Unlike data journalism, research about the general academic field of journalism goes more back in history. The data shows a clear pattern: the most influential papers about journalism are not necessarily the most recent nor the oldest, rather they are somewhat left-skewed with a peak around 2010.

There are many speculations that can be made about why I see differences in peaks on the time distribution of the most influential papers. But one fact is worth noticing: while the last few years have meant the production of less influential papers about journalism, an increasing proportion of those that were, were also pertinent to data journalism. What this suggests is that there are data journalism papers that are important not just for the academic field of data journalism, but to the whole journalism research field (for transparency, this could be a reverse-causality type of problem: it could also be that very important papers about journalism in general appeared in the data journalism search query too, although this is less probable due to the level of specificity of the search query).

Citations and Ranking

While time is great at hinting the life span of an academic field, there are metrics that allow us to dig deeper and compare instead the importance of one paper relative to another. Google Scholar, in particular, offers two: ranking and number of citations.

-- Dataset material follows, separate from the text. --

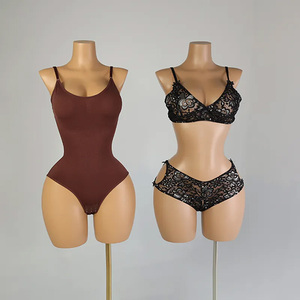 Chất Lượng Cao Cong Phụ Nữ Đầy Đủ Cơ Thể Ăn Mặc Hình Thức Người Giả Trên Cơ Thể Giả Lớn Mông Ngực Sợi Thủy Tinh Sơn Da Bao Gồm Đầu - Product Image 5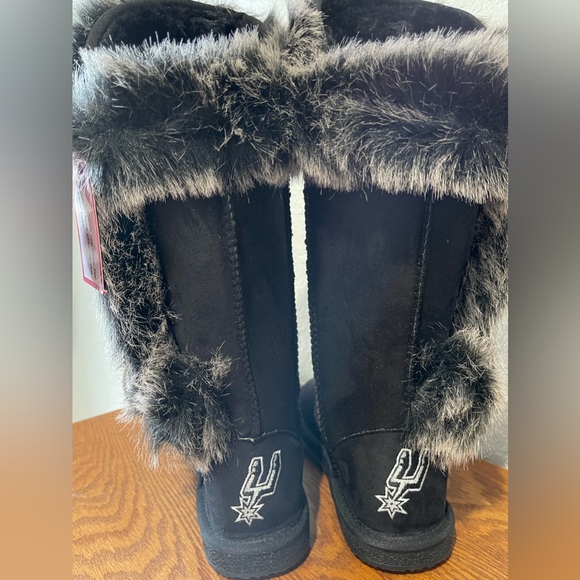 New Faux Fur San Antonio Spurs Bling Black Boots Size 7 - Picture 9 of 13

In the plot below, I show each paper in our dataset, plotted by year of publication and number of citations. I added a line showing the overall trend, which is negative for all categories: over time, papers appearing in the dataset have on average less citations than prior papers. This goes back to our point raised previously about a potential "rich get richer effect", but even of the fact that many of these papers have existed for a longer period and thus have been available for novel researchers to use as backbone to their research.

One takeaway from the plot below is that papers about data journalism have on average less citations than those about journalism, which, being data journalism newer and more niche, makes sense!

Citations are a strong signalling feature of legitimacy and relevance, but papers with the highest number of citations are not necessarily the top ranking ones. In the plot below I explore the correlation between rank and citations. I find that the correlation is much more noticeable for the journalism papers than for the data journalism ones, but overall quite weak. This plot leaves us with an open question, that with the data at hand is not possible to answer: what drives ranking position in Google Scholar? And while the algorithms operates as a bit of black box, the "about" page, Google Scholar provides some guidance, stating its algorithm aims to rank documents the way researchers do, weighing the full text of each document, where it was published, who it was written by, as well as how often and how recently it has been cited in other scholarly literature.

The ranking position of the category "both", which describes papers appearing both the journalism and data journalism datasets, is the one extracted from the latter. What I notice then is that the many papers that appear in the journalism datasets are top ranking papers within the data journalism one. One example is the number one ranking paper for data journalism: Computational Journalism, written by Sarah Cohen, James T. Hamilton and Fred Turner.

Authors

So who are the people behind the most influential papers about data journalism? Our dataset brought up 1134 unique authors for the 980 papers. The mean number of papers an author has written is 1.39 and the median is 1. The most prolific authors are Ester Appelgren from Södertörn Högskola in Stockholm and Seth C. Lewis from Oregon University, each having written 14 papers appearing in the dataset.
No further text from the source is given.